Unfortunately it’s one of those things that is obvious in retrospect, not so much when you are inventing cutting edge technology and improving human connectivity and spreading educational opportunities.
And it’s also difficult to predict how racists and pseudo-racist griefers will attack new technologies, too, as witness Microsoft’s Nazi AI problems.
Speaking as a person with some small knowledge of technology, I’m not surprised or appalled that Google encountered this problem, and glad that users called it to their attention. I am disappointed by their late and lame solution, though. I think they have the resources to do better.
But it may well also be a result of a general whitened perspective at Google. It’s like no one on staff had heard of the insights offered about de facto racist technology over 20 years ago, by Richard Dyer and many after him.
Well this is the issue. Usually you can break down a problem into more than one thing. Like that intersection where drivers couldn’t see cyclists that we recently highlighted on BB. The fact that the roads met at that angle is an accident. The fact that no one knew this was going to be a problem isn’t surprising. It may even be reasonable for the problem to go unnoticed for a long time (people who know people who die there don’t necessarily communicate with other people who know people who die there / even if the deaths are too frequent they may still be infrequent / large systems to track this sort of thing are a fairly recent idea).
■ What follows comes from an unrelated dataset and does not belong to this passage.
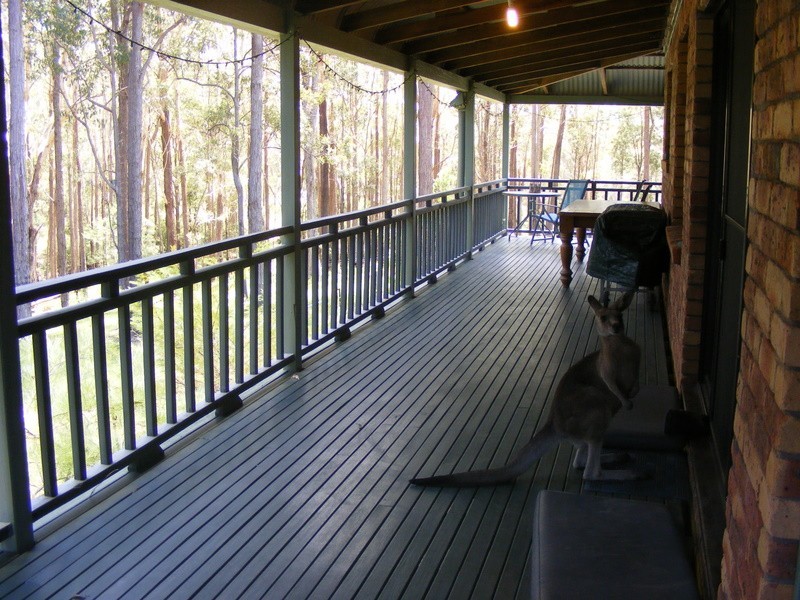 1312 Martells Road, Bellingen NSW 2454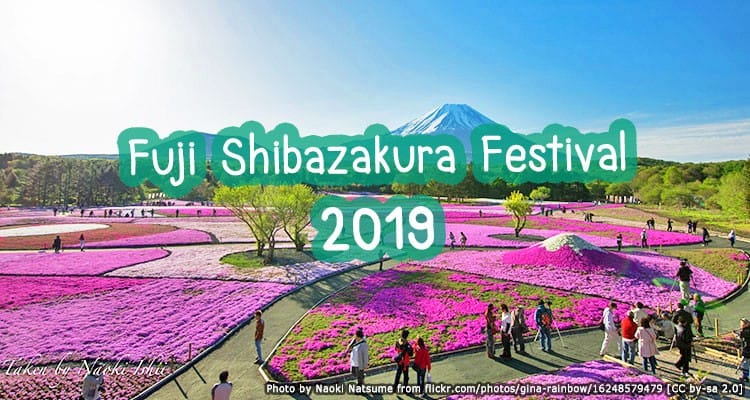 เทศกาลชิบะซากุระ พร้อมวิวภูเขาไฟฟูจิ Fuji Shibazakura Festival 2019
But at some point you cross a threshold where you ought to know there is a problem. At some point you cross a threshold where you should have done something about the problem.
For those who like long stories, you can read one
Someone I know recently went to a presentation about policing in a small-ish city. The presentation had demographics in it. The demographics showed there were no indigenous people living in the city. They were asked about this (it didn’t seem plausible) and said that many indigenous people live in surrounding communities, but there were none in the city.
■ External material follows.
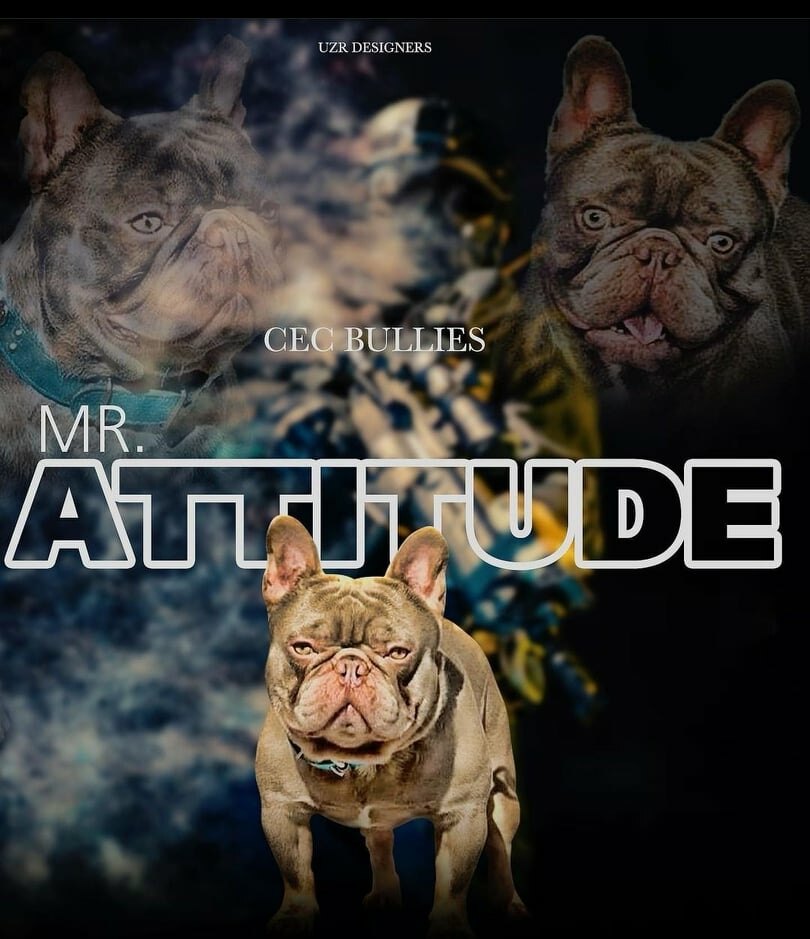 MR ATTITUDE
The city is about 5% indigenous people.
Someone looked up statistics Canada stats on “visible minorities” to make a chart. It turns out that indigenous is not a “visible minority” in statscan stats (there are other stats where it shows up, but it is explicitly not tracked in that category).
So I get how this happened, but I see a lot of failures. First they should have someone who understands the stats they use better doing the charts. But this is administration staff for police, I don’t expect them to be statisticians, so I’m not too livid about this one.
But then no one said, hey wait, doesn’t our city have indigenous people living in it? They have a racist mindset that erases indigenous people.
Finally, when it was challenged, the person who received the challenge was more sure of their statistics than of their actual life experience where they have nearly certainly interacted with indigenous people living in the city. (Or more insistent on saving face than on being right) They were able to justify erasing indigenous people in their analysis.
I think Google made algorithms and reasonably was unable to predict how they would function. I think, though, that it’s clear that at some stage of testing their algorithms before putting them into use, there were people who (most likely because of unconscious biases) simply didn’t think anything like, “It’s important that we test this on a very diverse group of images of people.”
So I think they should have done better on the initial classifier, not just on their solution to it. It’s calling black people gorillas. Is it also misclassifying people with mobility devices? People with down syndrome?
The whole thing makes me think a bit about:
They need to think of better lenses through which to view their products before they send them out the door.